Cependant, dans un contexte très évolutif, les deux agences ne peuvent que gagner à conjuguer leurs forces pour faire encore progresser cette prise en charge en partageant des méthodologies éprouvées pour améliorer les critères d'évaluation de ces établissements. On compte environ 32 000 établissements sociaux et médico-sociaux contre 2 600 établissements de santé. On conçoit donc aisément les problèmes qui se posent lorsque les évaluations sont réalisées par des organismes habilités très variés sans cahier des charges opposable. En gage de la prise en compte de la spécificité de cette mission, il est prévu dans le PLFSS de créer au sein de la HAS une commission réglementée indépendante qui aura autant d'autonomie que la commission de transparence.

Les différentes lois de santé ont attribué chaque année à la HAS de nombreuses missions nouvelles dont l'une consiste à rendre une analyse prospective du système de santé pour formuler des propositions d'amélioration de sa qualité et de son efficacité. Cela pourra être une occasion de nous revoir.

Le PLFSS 2018 a mis en exergue plusieurs sujets qui ne manqueront pas d'influencer le travail de la HAS, que ce soit la vaccination obligatoire, la télémédecine ou la régulation des activités d'information dans le domaine du dispositif. La politique de santé axée sur la pertinence des soins engage l'institution.

Constatation est faite par notre ministre que la régulation par l'Ondam n'est plus suffisante et qu'il convient d'introduire de la régulation par la qualité et la performance. Cela passera par la création d'un tiroir d'innovations organisationnelles et de tarification doté d'un fonds financier. Il permettra aux acteurs de terrain de demander un soutien financier pour de nouvelles organisations, de nouveaux modes de prise en charge, de nouveaux modes de coordination entre ville, hôpital et secteur médico-social. Ces innovations qui doivent favoriser le décloisonnement pour remettre le patient au coeur de sa prise en charge devront être évaluées avec soin avant d'être déployées. L'enjeu pour la HAS consistera à définir une batterie d'indicateurs de résultats, y compris du point de vue du patient, selon ses méthodes, en en concertation avec les professionnels et dans un calendrier rapide.

Toutes ces tâches sont cohérentes dans le contexte d'évolution forte du système.

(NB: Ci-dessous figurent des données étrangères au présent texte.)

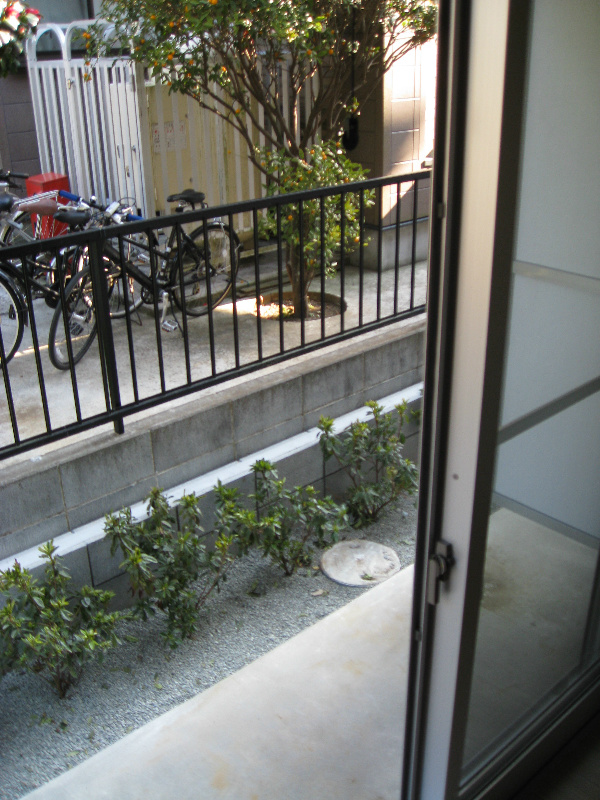 RONDⅢ番館 ベランダ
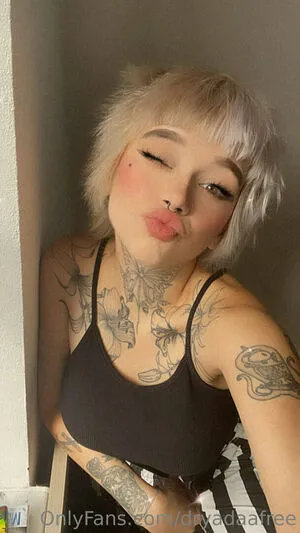 Dryadaafree OnlyFans Leaked Free Thumbnail Picture - #4JyQXRuc5A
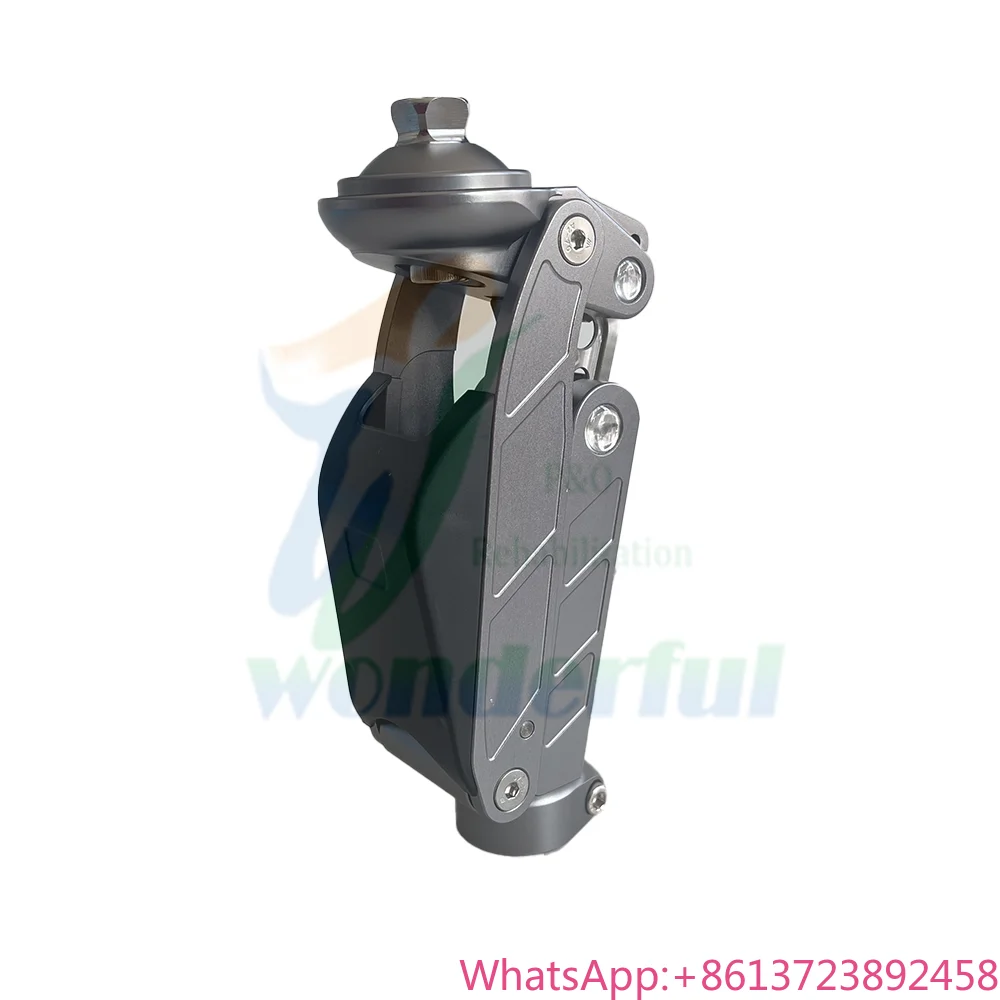 

Hydraulic Prosthetic Knee Joint Implant Interventional Material for Replacement of Missing Leg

Elles poseront cependant le problème des moyens budgétaires et humains de l'institution. La HAS est bien gérée, comme la Cour des comptes l'a fait remarquer. Elle a fourni de gros efforts d'efficience pour contribuer à l'effort budgétaire national. Elle a aussi rogné petit à petit sur son fonds de roulement et les limites de l'exercice seront bientôt atteintes. Il faudra trouver encore des leviers d'efficience et veiller à la pérennité des moyens de l'institution pour assurer son efficacité.

Enfin, les questions qui se posent à nous se posent aussi à l'échelon mondial. L'Europe est un maillon fort pour mutualiser les ressources et les expériences et pour faire converger les critères de qualité. Elle a également un rôle à jouer dans la gestion des prix des médicaments innovants. La HAS a un rôle moteur pour l'évolution et l'harmonisation des démarches d'évaluation. Elle est déjà fortement intégrée dans les réseaux européens d'évaluation. Mes prédécesseurs y ont beaucoup travaillé. Il nous faut encore renforcer ce positionnement à l'heure du Brexit pour être force de proposition et faire valoir notre système de santé.

La tâche est vaste et demande en interne des efforts permanents de réactivité et de transversalité. Il s'agit d'un travail collégial avec des équipes de qualité, un collège renouvelé et des bases solides posées par mes prédécesseurs. J'espère que mon expérience, mes valeurs d'éthique et de probité, ma détermination, mon enthousiasme et mon engagement pour le service public vous convaincront de me confier la direction de cette très belle institution.